Traverser les cours
- Cours Saint-André, statue d'Olivier de Clisson -
Traverser les cours saint Pierre et saint André, c'est s'aventurer dans une étrange partie d'échecs.
Les pions de pierre blanchâtre sont posés chacun sur leur case, immobiles, hiératiques. Le roi au centre - Louis XVI - , la dame - Anne de Bretagne, et son unique cavalier - Arthur III -, les deux tours, intactes et hardies, la main sur le pommeau de l'épée - Du Guesclin, Olivier de Clisson. Ce sont les blancs, forcément. Les noirs, ce sont peut-être ces arbres aux branchages assombris de pluie et de cieux gris, plantés avec une régularité maniaque.
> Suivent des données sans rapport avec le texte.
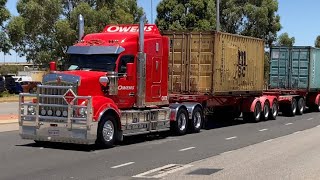 Metro Road Trains and Trucking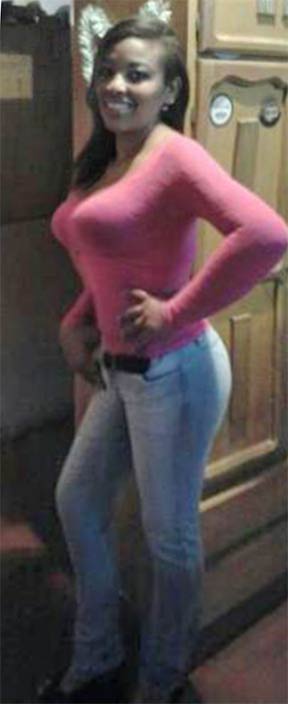 Date this nice looking Peru girl Alexandra from Lima PE976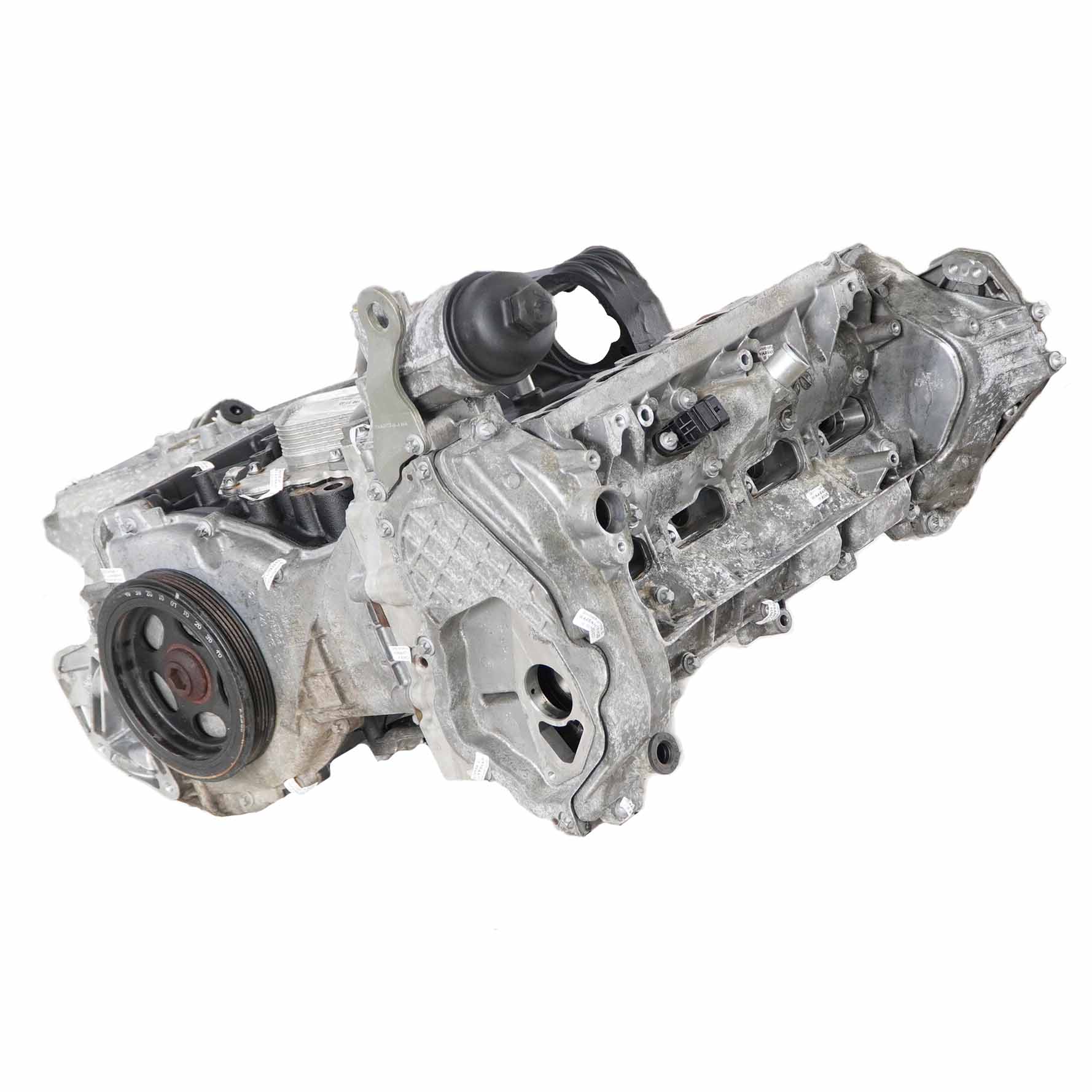 Mercedes W169 A180 W245 B180 CDI OM640 640940 Nue Moteur 640.940 GARANTIE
A moins que ce ne soient ces soldats de 1870 misérables et vert-de-grisés, ou ces otages de 1942 tragiques et fusillés, pions de bronze pugnaces trempés dans l'eau des morts, qui montent la garde aux deux extrémités.
Et toi, passant égaré sur les cours, tu te sens toujours si inquiet, de ne pas savoir de qui tu es le fou. Que fais-tu là, perdu dans cette partie dont les calculs t'échappent ? Joues-tu pour les blancs ou pour les noirs ? Ou n'es-tu qu'un insecte qu'Ils ne prennent pas la peine de balayer du plateau sur lequel Ils se penchent ? Qu'attendent les Joueurs, depuis tant d'années, pour jouer le coup suivant ? Tu ne sais pas, tu ne sais rien, tu t'en vas au hasard, glissant sur l'échiquier de ton pas qui ne saurait pourtant peser, tu as toujours l'impression de déranger un ordre fragile, tu as toujours l'impression de ne pas être à ta place, de te tromper.
Cours saint Pierre et saint André, tu ne te promènes jamais volontiers, tu passes toujours aussi rapidement que possible, cela te met si mal à l'aise de traverser cette partie interrompue, dans l'ombre de ces Muets d'en-haut, qui jouent, invisibles, à ne pas jouer.